[MATERIAL PROVIDED]

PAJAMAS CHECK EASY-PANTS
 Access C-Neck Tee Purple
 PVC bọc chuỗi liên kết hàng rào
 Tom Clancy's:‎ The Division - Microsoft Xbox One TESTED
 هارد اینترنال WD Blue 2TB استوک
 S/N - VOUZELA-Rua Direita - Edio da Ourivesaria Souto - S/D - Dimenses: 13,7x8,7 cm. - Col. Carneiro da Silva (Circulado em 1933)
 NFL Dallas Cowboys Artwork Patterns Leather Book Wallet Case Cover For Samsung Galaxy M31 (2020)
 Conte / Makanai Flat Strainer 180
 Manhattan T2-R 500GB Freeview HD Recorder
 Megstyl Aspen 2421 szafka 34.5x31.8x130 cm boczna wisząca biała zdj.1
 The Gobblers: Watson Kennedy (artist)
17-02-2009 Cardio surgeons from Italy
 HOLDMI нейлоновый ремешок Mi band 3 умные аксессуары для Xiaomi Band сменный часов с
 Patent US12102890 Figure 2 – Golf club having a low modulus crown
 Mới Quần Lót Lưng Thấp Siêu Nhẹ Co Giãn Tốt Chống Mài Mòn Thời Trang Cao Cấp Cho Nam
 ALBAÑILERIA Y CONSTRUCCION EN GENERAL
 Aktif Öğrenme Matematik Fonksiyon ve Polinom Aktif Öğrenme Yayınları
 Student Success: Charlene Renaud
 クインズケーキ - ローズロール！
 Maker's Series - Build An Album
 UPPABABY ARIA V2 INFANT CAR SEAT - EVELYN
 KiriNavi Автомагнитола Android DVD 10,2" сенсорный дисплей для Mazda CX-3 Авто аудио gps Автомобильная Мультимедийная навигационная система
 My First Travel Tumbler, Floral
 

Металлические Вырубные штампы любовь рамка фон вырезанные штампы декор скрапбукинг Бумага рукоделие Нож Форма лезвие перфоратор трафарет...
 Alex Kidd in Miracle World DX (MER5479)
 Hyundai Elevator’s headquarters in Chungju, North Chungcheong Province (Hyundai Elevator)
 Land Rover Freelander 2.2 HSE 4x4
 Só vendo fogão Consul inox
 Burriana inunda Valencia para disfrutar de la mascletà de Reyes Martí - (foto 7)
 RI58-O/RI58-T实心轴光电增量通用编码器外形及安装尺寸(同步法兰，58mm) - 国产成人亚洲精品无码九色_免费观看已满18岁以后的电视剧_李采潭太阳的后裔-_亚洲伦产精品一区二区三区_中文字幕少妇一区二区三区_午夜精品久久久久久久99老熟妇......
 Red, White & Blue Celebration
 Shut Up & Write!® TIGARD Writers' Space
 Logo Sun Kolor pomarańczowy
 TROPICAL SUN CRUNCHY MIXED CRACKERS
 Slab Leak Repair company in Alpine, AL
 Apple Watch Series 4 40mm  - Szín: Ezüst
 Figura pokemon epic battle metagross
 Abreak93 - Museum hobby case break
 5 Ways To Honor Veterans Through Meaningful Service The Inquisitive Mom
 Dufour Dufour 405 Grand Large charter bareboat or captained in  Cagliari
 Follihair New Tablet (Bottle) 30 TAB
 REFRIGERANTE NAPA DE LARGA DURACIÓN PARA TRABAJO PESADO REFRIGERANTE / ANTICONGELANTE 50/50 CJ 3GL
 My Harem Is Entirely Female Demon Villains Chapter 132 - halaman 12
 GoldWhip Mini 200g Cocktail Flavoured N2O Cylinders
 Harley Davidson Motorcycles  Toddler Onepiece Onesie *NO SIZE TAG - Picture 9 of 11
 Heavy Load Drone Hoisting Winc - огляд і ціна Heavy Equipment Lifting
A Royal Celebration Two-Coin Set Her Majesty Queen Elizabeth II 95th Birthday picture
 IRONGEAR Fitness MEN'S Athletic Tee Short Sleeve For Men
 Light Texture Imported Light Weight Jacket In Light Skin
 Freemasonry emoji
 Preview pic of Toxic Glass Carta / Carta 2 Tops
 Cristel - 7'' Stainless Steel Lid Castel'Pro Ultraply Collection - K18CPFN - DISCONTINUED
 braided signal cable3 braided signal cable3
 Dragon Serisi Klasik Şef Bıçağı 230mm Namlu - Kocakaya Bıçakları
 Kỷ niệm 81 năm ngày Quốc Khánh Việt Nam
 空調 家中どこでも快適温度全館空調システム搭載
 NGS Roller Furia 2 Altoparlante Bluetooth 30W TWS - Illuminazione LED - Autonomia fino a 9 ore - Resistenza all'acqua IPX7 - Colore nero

[/MATERIAL PROVIDED]

TASK DIRECTIONS: Give only a number, the count of lines above that include the string "Celebration".

TASK RESULT: 2